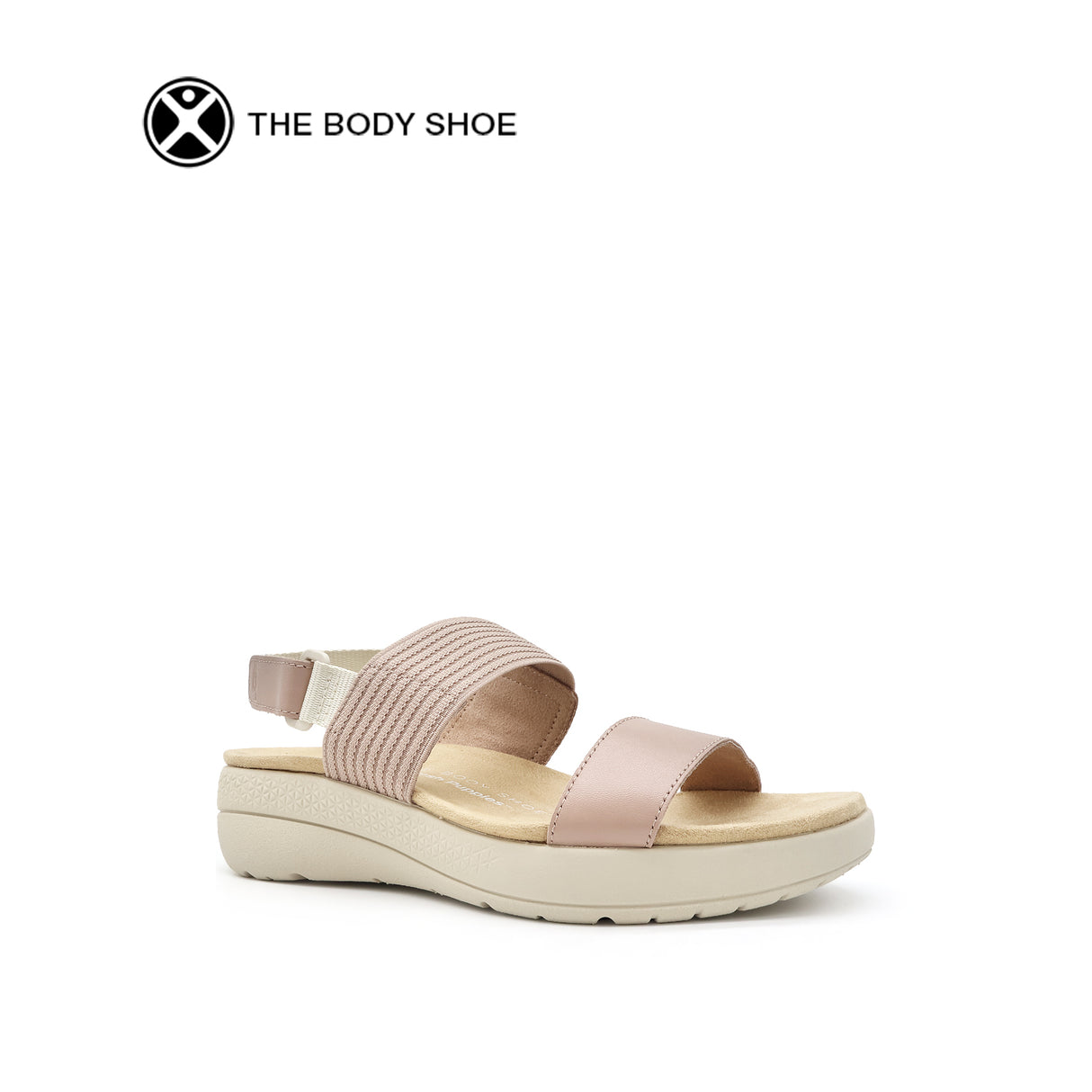 Breathe Goresandal Women's Sandals - Warm Taupe Leather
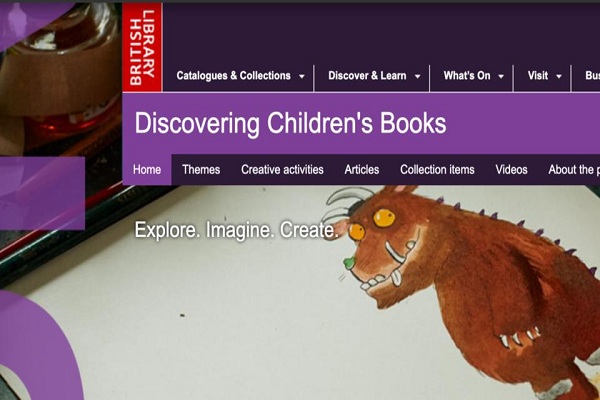 La historia de la literatura infantil en Discovering Children’s Books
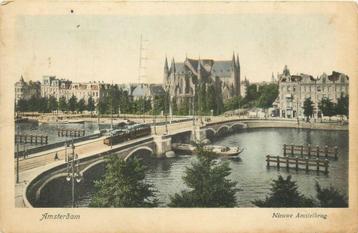 (701-197-001) Amsterdam Nieuwe Amstelbrug beschikbaar voor biedingen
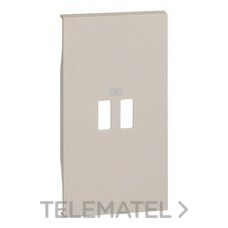 BTICINO - PL.FT.LN 2M BAS.CAR.USB 4285/6/7C2 SAND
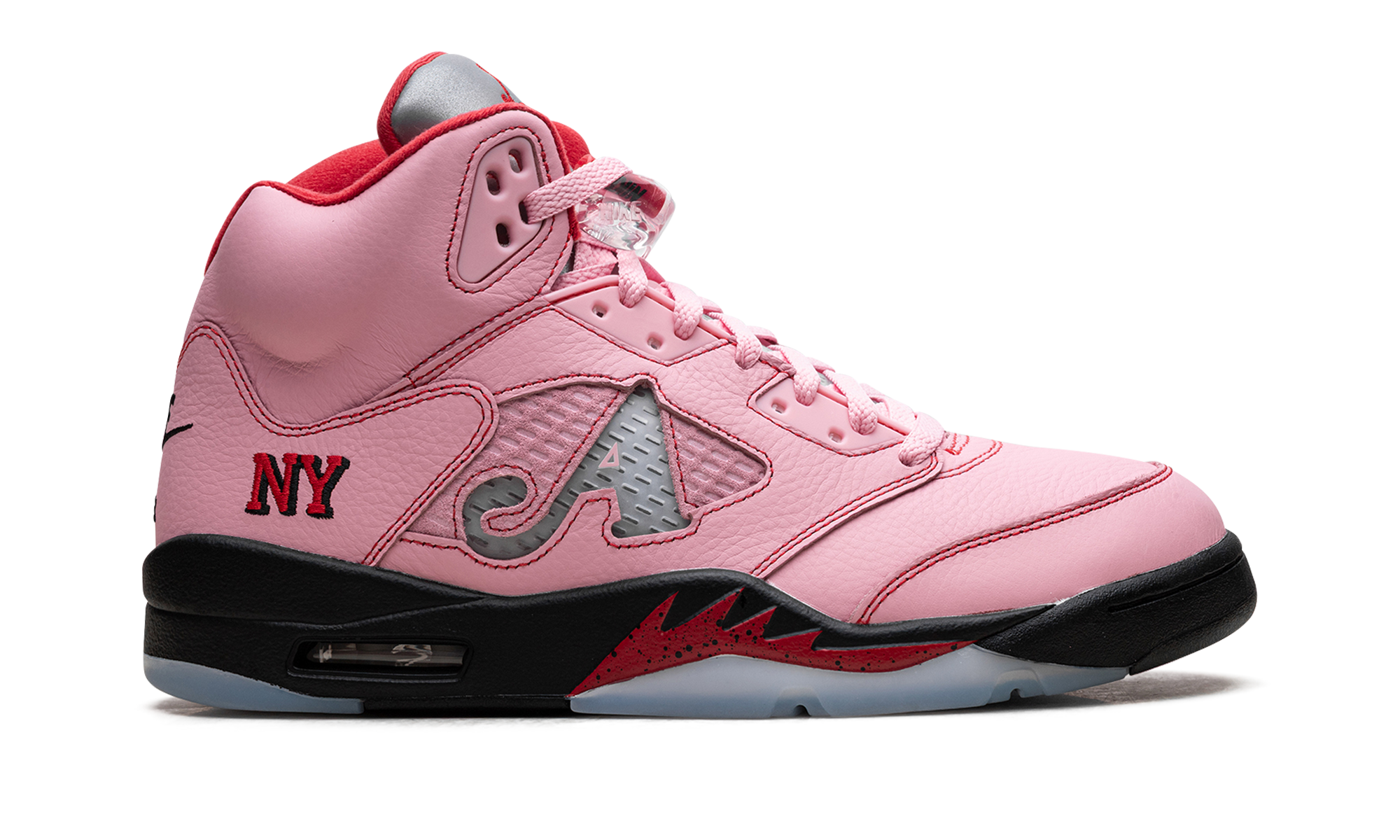 AJ 5 "Awake Ny - Bubblegum Pink"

────────────────────

▶ **TO DO**
Exact copy, no pictures: set down all the entries again as they stand.

▶ **FINISHED EXERCISE**
 Breathe Goresandal Women's Sandals - Warm Taupe Leather
 La historia de la literatura infantil en Discovering Children’s Books
 (701-197-001) Amsterdam Nieuwe Amstelbrug beschikbaar voor biedingen
 BTICINO - PL.FT.LN 2M BAS.CAR.USB 4285/6/7C2 SAND
 AJ 5 "Awake Ny - Bubblegum Pink"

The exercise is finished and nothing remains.